Bruggeman F J, van Heeswijk W C, Boogerd F C, Westerhoff H V
Department of Molecular Cell Physiology, Biocentrum, Faculty of Biology, Free University, Amsterdam, The Netherlands.
Biol Chem. 2000 Sep-Oct;381(9-10):965-72. doi: 10.1515/BC.2000.119.
Biochemistry and molecular biology have been focusing on the structural, catalytic, and regulatory properties of individual macromolecules from the perspective of clarifying the mechanisms of metabolism and gene expression. Complete genomes of 'primitive' living organisms seem to be substantially larger than necessary for metabolism and gene expression alone. This is in line with the findings of silent phenotypes for supposedly important genes, apparent redundancy of functions, and variegated networks of signal transduction and transcription factors. Here we propose that evolutionary optimization has been much more intensive than to lead to the bare minima necessary for autonomous life. Much more complex organisms prevail. Much of this complexity arises in the nonlinear interactions between cellular macromolecules and in subtle differences between paralogs (isoenzymes). The complexity can only be understood when analyzed quantitatively, for which quantitative experimentation is needed in living systems that are as simple and manipulatable as possible, yet complex in the above sense. We illustrate this for the glutamine synthetase cascade in Escherichia coli. By reviewing recent molecular findings, we show that this cascade is much more complex than necessary for simple regulation of ammonia assimilation. Simulations suggest that the function of this complexity may lie in quasi-intelligent behavior, including conditioning and learning.

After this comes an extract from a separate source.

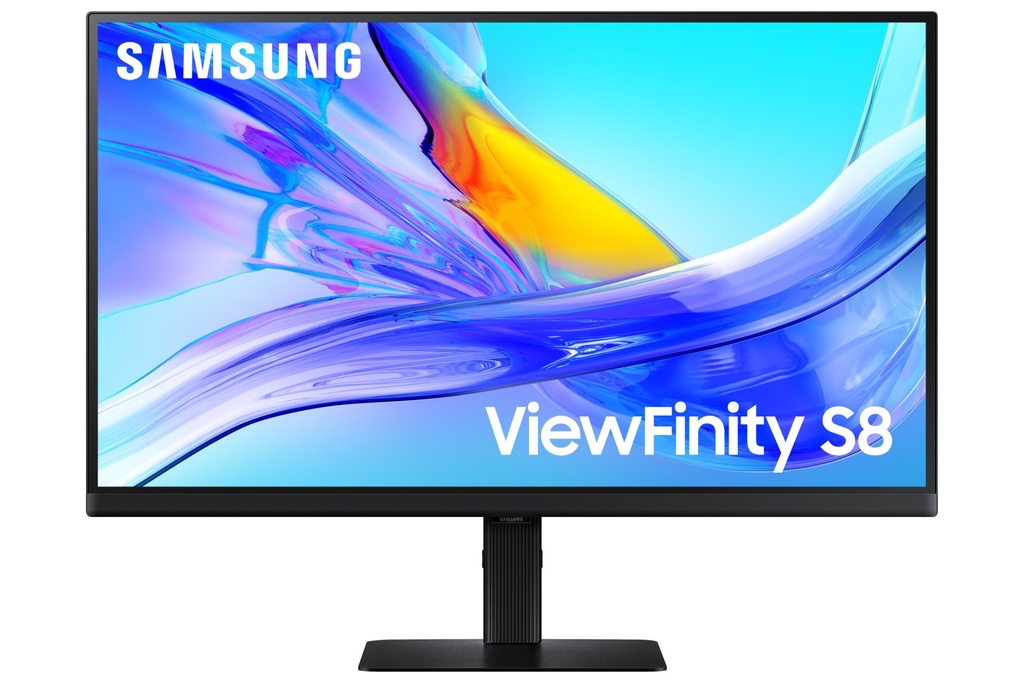 [LS27D800UAUXEN] Samsung S80UD computer monitor 68.6 cm (27") 3840 x 2160 pixels 4K Ultra HD LCD Black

生物化学和分子生物学一直从阐明新陈代谢和基因表达机制的角度,专注于单个大分子的结构、催化和调节特性。“原始”生物体的完整基因组似乎比仅用于新陈代谢和基因表达所需的要大得多。这与对于所谓重要基因的沉默表型、功能的明显冗余以及信号转导和转录因子的多样化网络的研究结果一致。在此,我们提出进化优化比导致自主生命所需的最低限度要强烈得多。更为复杂的生物体占主导地位。这种复杂性很大程度上源于细胞大分子之间的非线性相互作用以及旁系同源物(同工酶)之间的细微差异。只有通过定量分析才能理解这种复杂性,为此需要在尽可能简单且可操纵但在上述意义上又很复杂的生命系统中进行定量实验。我们以大肠杆菌中的谷氨酰胺合成酶级联反应为例进行说明。通过回顾最近的分子研究结果,我们表明该级联反应比简单调节氨同化所需的要复杂得多。模拟表明这种复杂性的功能可能在于准智能行为,包括条件作用和学习。